Figure 2.. Clonotype and sequence diversity amongst the 10 subjects.

a) Clonotype rarefaction curves for each subject. Lines represent the mean of 10 independent samplings, with the exception of the 1.0 fraction, which was sampled once. The dashed line represents a perfectly diverse sample. Inset is a close-up of the rarefaction curve ends. b) Total clonotype repertoire diversity estimates were computed for increasingly large fractions of each subject’s clonotype repertoire. Each line represents the mean of 10 random sub-samplings without replacement (again, except for the 1.0 fraction). Chao estimates are shown in solid lines, Recon estimates are shown in dashed lines. Subject colors are as in (a). Maximum diversity (1.0 fraction of each subject) for each estimator is shown in the right panel. c) Overall cross-subject clonotype diversity of each possible combination of 1 or more subjects. The Chao estimate is a solid line and the Recon estimate is a dashed line. Shaded regions indicate 95% confidence intervals. The confidence intervals in (c) are for different groupings of subjects, not for the estimators themselves. d) Total sequence repertoire diversity estimates were computed for increasingly large fractions of each subject’s sequence repertoire. Each line represents the mean of 10 random sub-samplings without replacement (except for the 1.0 fraction, for which only a single calculation was made). Chao estimates are shown in solid lines, Recon estimates are shown in dashed lines. Subject colors are as in (a). Maximum diversity (1.0 fraction of each subject repertoire) for each estimator is shown in the right panel. e) Overall cross-subject nucleotide sequence diversity of each possible combination of 1 or more subjects. The Chao estimate is a solid line and the Recon estimate is a dashed line. Shaded regions indicate 95% confidence intervals. Confidence intervals are as in (c).

Figure 3.. Shared clonotypes and sequences amongst the 10 subjects.

a) Venn diagram of shared clonotype frequency. b) Shared clonotype frequency between subject groups.
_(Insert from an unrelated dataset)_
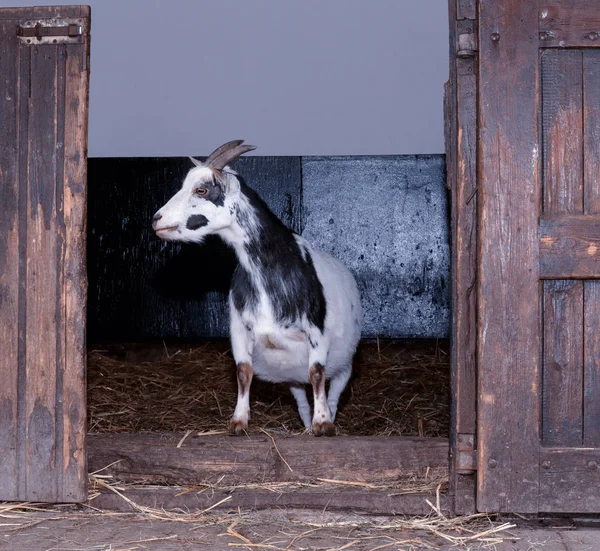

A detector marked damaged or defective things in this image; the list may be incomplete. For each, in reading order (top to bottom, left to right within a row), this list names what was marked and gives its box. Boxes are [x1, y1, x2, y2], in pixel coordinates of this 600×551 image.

rusty hinge [16, 18, 84, 45]
rusty hinge [454, 19, 478, 58]
rusty hinge [458, 436, 476, 474]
Points represent different group combinations. Observed sequences (black), synthetic sequences generated with IGoR’s default model (red), and sequences generated with subject-specific models (blue) are shown. c) CDRH3 length distribution of clonotypes found in one biological replicate (top) or all six biological replicates (bottom). CDRH3 length is defined using IMGT numbering. The legend was split maintain legibility; data for all subjects is present in both plots. d) CDRH3 length distribution of unshared clonotypes (top) or clonotypes shared by the majority of subjects (bottom). Observed sequences (black), default model (red) and subject-specific model (blue) synthetic sequences are shown. e) Per-position Shannon entropy of the CDRH3 head regions of unshared (solid) or majority-shared (dashed) clonotypes. Points indicate the mean, whiskers indicate the 95% confidence interval, and lines represent the linear best fit. f-g) Sequence logos of the CDRH3s encoded by observed unshared clonotypes, observed majority-shared clonotypes, and synthetic majority-shared clonotypes of length 8 (f) or 13 (g). Head region amino acid coloring: polar amino acids (GSTYCQN) are green, basic (KRH) blue, acidic (DE) red, and hydrophobic (AVLIPWFM) black. All torso residues are grey. h) Relative abundance of amino acid properties in the CDRH3s of majority-shared clonotypes. Abundances are normalized to the frequency in unshared clonotypes. i) Nucleotide mutations for singly observed or repeatedly observed clonotypes. Colored lines indicate the mean for each subject, the dashed black line indicates the mean of all subjects. j) Nucleotide mutations for shared or unshared clonotypes. Colored lines indicate the mean for each subject, the dashed black line indicates the mean of all subjects. k) Mutation frequency of nucleotide sequences shared by two or more subjects. Points indicate mean mutation frequency. The number of unique nucleotide sequences in each shared group is shown.